Problem to solve: A faithful copy of all the records is needed, with the pictures omitted.

Supplied material:
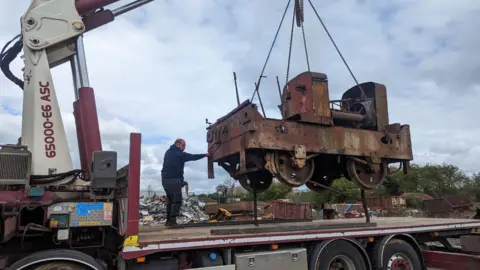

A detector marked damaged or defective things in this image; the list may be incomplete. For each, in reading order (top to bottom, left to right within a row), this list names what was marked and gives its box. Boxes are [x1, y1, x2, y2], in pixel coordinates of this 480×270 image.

corroded metal [206, 70, 412, 191]
rusty locomotive [206, 71, 412, 193]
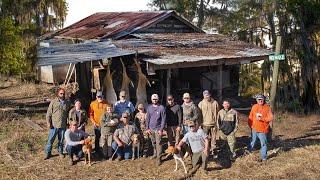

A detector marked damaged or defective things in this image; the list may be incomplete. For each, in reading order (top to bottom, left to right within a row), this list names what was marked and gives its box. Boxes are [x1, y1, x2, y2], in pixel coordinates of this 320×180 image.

rusty metal roof [45, 10, 202, 40]
rusty metal roof [114, 32, 272, 68]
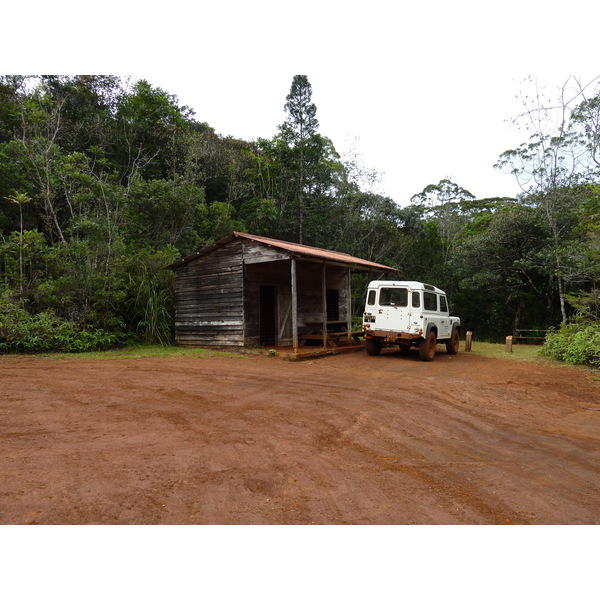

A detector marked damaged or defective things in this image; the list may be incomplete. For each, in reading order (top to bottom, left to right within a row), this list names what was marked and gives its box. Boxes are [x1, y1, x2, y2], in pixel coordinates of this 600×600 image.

rusty metal roof [169, 231, 396, 274]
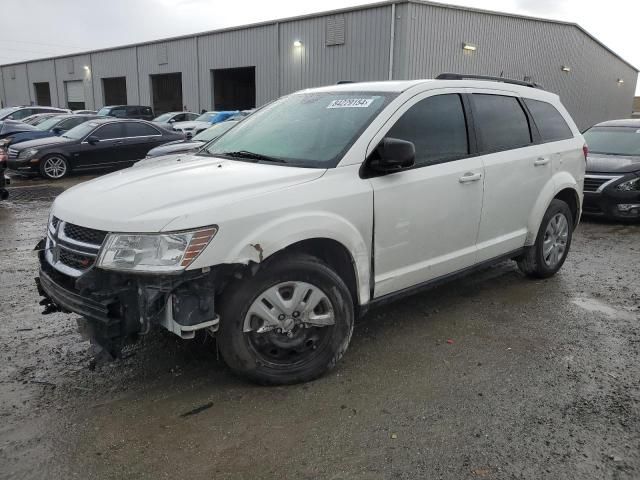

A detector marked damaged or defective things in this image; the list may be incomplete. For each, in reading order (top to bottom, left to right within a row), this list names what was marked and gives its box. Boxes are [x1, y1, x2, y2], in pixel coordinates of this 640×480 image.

damaged front end [34, 218, 232, 356]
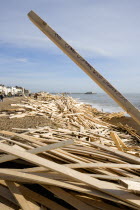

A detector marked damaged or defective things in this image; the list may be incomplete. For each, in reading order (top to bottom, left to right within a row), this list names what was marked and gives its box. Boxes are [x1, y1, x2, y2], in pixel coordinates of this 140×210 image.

splintered wood [0, 94, 139, 209]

Answer box:
A detector marked damaged or defective things in this image; the list may be incomplete. For each, in reading order (top to bottom, left to right within a row), this list names what was marked and gives its box. Boxes are [x1, y1, x2, y2], in pixel coordinates of this 480×270 image.

corroded metal [206, 70, 412, 191]
rusty locomotive [206, 71, 412, 193]

A detector marked damaged or defective things in this image; the list may be incomplete. For each, in reading order (top to bottom, left to right within a row), this list names what was marked and gives its box. Boxes are [x1, y1, x2, y2], in pixel coordinates of this 320×180 image.

rusty metal roof [45, 10, 202, 40]
rusty metal roof [114, 32, 272, 68]

A detector marked damaged or defective things in this image; the list may be incomplete. For each, in reading order (top to bottom, left to right within a row), this list names what was marked and gives its box. Boxes are [x1, y1, x2, y2], in pixel coordinates of this 600×600 image.

rusty metal roof [169, 231, 396, 274]

A detector marked damaged or defective things in this image; the list may be incomplete. For each, in reading order (top to bottom, left to right within a row), this list names what was marked and gives its box. Boxes are [x1, y1, x2, y2], in pixel coordinates of this 640×480 image.

damaged front end [34, 218, 232, 356]

A detector marked damaged or defective things in this image; the list may be incomplete. For each, in reading order (top to bottom, left to right within a row), this list names what was marked and gives its box. Boxes are [x1, y1, x2, y2], in pixel coordinates of this 140×210 image.

splintered wood [0, 94, 139, 209]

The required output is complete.